A datalake is a centralized repository that allows you to store structured and unstructured data at any scale. Business organizations require datalake because it has been shown that those organizations with datalake are able to retrieve and use actionable business intelligence from their lakes and outperform their peers. There are four essential elements of a Datalake Analytics solution
- Data Movement (Batch and or Streaming)
- Data Catalog and Security
- Analytics
- Machine Learning
This project falls into the first element, which is the Data Movement and the intent is to provide an example pattern for designing an incremental ingestion pipeline on the AWS cloud using a AWS Step Functions and a combination of multiple AWS Services such as Amazon S3, Amazon DynamoDB, Amazon ElasticMapReduce and Amazon Cloudwatch Events Rule. This pattern does not replace what is already provided within AWS Glue and or Amazon Datapipeline, it only serves to provide an example pattern for Engineers who are interested in using a combination of AWS services to achieve a similar purpose.
- Amazon Cloudwatch Events
- AWS Step StepFunctions
- Amazon Lambda Functions
- Amazon DynamoDB
- Spark on Elastic MapReduce
- Amazon S3
- Amazon Aurora RDS
- Amazon Cloudformation
- An Amazon Web Services Account
- AWS CLI Installed and configured
- Create an Aurora RDS database (Optional if you have an existing Aurora Postgresql database) and load sample data into RDS Aurora database tables
- Execute Incremental Ingestion pipeline
####Prerequisites:
- A VPC with at least one Private and Public Subnet
- (Optional) An EC2 instance that can used as a Bastion Host for connection to the created database
- Clone the repository
- Create an S3 bucket and sync the repository to the bucket. aws s3 sync . s3://
- Create a Aurora RDS database using this cloudformation template glue/postgredb.yml
- Navigate to the /glue folder and open the aws-glue-etl-job.py, replace the values for database (etl) with your database name, save and upload to s3.

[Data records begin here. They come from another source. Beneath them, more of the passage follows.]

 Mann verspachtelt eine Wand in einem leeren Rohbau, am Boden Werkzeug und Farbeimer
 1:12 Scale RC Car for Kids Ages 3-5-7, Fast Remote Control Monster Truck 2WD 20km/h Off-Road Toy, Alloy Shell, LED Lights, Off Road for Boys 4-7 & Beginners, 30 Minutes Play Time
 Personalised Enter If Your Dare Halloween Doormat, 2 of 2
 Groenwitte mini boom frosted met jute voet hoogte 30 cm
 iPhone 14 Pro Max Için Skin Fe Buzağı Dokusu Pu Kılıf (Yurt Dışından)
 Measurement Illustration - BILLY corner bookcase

- Create Glue Crawler and Job load stack using the aws-etl-load-rds.yml cloudformation template. This cloudformation stack will create Glue crawlers that will crawl the public s3 bucket locations(dfw-meeetup-emr/Deposits, Loans, Investments and Shipments) and a glue job to load data from the s3 bucket locations into the Aurora database you created. The data in these locations are made up.

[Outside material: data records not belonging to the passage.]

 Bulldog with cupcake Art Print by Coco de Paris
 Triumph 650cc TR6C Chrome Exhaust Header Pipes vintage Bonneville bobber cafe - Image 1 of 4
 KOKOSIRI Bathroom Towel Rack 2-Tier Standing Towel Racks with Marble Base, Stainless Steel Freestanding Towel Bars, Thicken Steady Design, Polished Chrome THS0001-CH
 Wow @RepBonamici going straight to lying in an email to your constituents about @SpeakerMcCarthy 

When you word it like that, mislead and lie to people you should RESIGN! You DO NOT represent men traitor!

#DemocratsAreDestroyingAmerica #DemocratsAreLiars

- Parameter Values for above
Parameter Name | Parameter Value |
---|---|
CFNConnectionName | cfn-connection-spark-1 |
CFNDatabaseName | cfn-database-s3 |
CFNDepositsCrawlerName | cfn-crawler-spark-dep |
CFNInvestmentsCrawlerName | cfn-crawler-spark-inv |
CFNJDBCPassword | |
CFNJDBCString | |
CFNJDBCUser | |
CFNJobName | cfn-glue-job-s3-to-JDBC |
CFNLoansCrawlerName | cfn-crawler-spark-loa |
CFNS3PATHDEPOSIT | s3://dfw-meetup-emr/Deposits |
CFNS3PATHINV | s3://dfw-meetup-emr/Investments |
CFNS3PATHLOAN | s3://dfw-meetup-emr/Loans |
CFNS3PATHSHIP | s3://dfw-meetup-emr/Shipments |
CFNScriptLocation | s3:///aws-glue-etl-job.py |
CFNShipmentsCrawlerName | cfn-crawler-spark-shi |
CFNTablePrefixName | cfn_s3_sprk_1_ |
GlueCrawlerCustomKey | glue/aws-etl-start-crawler-custom-resource.py.zip |
GlueCrawlerCustomModule | aws-etl-start-crawler-custom-resource |
GlueJobCustomKey | glue/aws-etl-start-job-custom-resource.py.zip |
GlueJobCustomModule | aws-etl-start-job-custom-resource |
S3Bucket | |
SubnetId |
#####At the end of this part we would have created
- An AWS Aurora database
- Created Glue Crawlers and Glue Job to populate AWS Aurora Database with Sample data
- Successfully loaded data into Aurora database tables
The Aurora Database in this context represents the on premises database
####Prerequisites:
- An S3 Bucket
- EC2 Key pair
- VPC Private Subnet
- Navigate to the cfn/aws-sns-topic.yml and use it to create an SNS topic. This creates a cloudformation export that its value are then imported into the aws-etl-stepfunction stack. Confirm the subscription.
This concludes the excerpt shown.